In the midst of this hyper-sensitive political tug-of war over women’s right to choose in North Carolina, where do African American women stand?
“We were not invited to the table,” opined state Sen. Kandie Smith (D-Greenville) during floor debate last week. “We were not considered when it comes to what do you think would be good. To me, it’s like my voice doesn’t matter.”
Sen. Smith continued, “Black women have been fighting for freedom of their body since slavery. We’re placed back in the situation where someone is trying to tell us what to do with our bodies. We’ve been fighting against that long enough. That is not okay.”
For Black women, the subject of maternal health is one of survival, researchers say, so much so that they are three times as likely to die of pregnancy-related causes than White women, according to the U.S. Centers for Disease Control and Prevention (CDC).
Regarding abortion, many Black women of childbearing age are not as free as their White counterparts to decide whether to carry a child to term or not because of socioeconomic and health justice issues, abortion rights activists say. Not making a living wage, not having health insurance, not having access to safe contraception, not having access to adequate non-racist health care were just some of the factors involved in determining whether a low-income women of color decided whether or not to give birth.
In 2019, Black women had the highest rate of abortions nationally at 23.8 per 1,000 women, according to the CDC.
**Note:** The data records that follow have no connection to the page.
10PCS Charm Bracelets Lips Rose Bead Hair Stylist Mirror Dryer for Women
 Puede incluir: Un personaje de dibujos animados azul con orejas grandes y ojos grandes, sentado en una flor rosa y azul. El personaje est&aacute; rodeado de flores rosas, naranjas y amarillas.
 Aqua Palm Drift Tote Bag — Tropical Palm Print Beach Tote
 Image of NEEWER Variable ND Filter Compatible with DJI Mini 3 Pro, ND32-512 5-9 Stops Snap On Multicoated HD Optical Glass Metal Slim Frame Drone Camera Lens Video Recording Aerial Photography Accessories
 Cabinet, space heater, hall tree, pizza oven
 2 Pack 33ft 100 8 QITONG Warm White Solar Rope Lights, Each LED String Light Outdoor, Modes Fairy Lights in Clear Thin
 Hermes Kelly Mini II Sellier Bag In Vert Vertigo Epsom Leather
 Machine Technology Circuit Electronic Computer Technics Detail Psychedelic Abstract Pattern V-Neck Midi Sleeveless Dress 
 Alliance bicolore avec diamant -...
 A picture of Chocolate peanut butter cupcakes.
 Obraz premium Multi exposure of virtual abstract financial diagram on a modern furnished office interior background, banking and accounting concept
When the U.S. Supreme Court overturned Roe v. Wade in June 2022, many of those activists warned that Black and other women of color would be disproportionately affected by the ruling overturning a woman’s right to choose in states that did not already specify that right.
And in North Carolina, Black women still account for the state’s high maternal death rate.
Given that staggering reality, African American women like Sen. Smith, state Senator Natalie Murdock (D-Durham), and even N.C. Congresswoman Alma Adams (D-NC-12), spoke out when it was clear that Republicans in the N.C. General Assembly were going to impose strict abortion restrictions.
“Even without the reality of the maternal health crisis, the Republican abortion ban is wrong,” Rep. Adams said in a statement when the Republican abortion restriction was first introduced.
“It devalues the hard work of pregnancy, which should always be voluntary. It dehumanizes women by taking away their bodily autonomy. Involuntary servitude is expressly prohibited by the 13th Amendment to the Constitution; legislation that forces the work of pregnancy, regardless of injury or death, should always be unconstitutional, and this bill should fail.”
And even clergy, like Bishop William Barber of Repairers of the Breach, called Republican legislators “extremists” for imposing a law that restricts abortion rights, at the same time they lift all restricts for obtaining and owning a firearm.
“It is absolute hypocrisy to say you care about life and then you write a law that puts poor and low-income women’s lives in jeopardy,” Barber recently said.
If a Gallup poll from Sept. 2020 is any indication, Black lawmakers like Rep. Adams, or leaders like Bishop Barber are not alone in claiming African American females have the right to choose as well.
From 2017-2020, 46 percent of African Americans polled agreed that abortion was “morally acceptable.” That is a significant jump from the 31 percent polled from 2001 to 2007.
Given all the available data, African American women have a rightful place in the abortion rights debate, because the decision on whether or not to have a child could mean their very lives.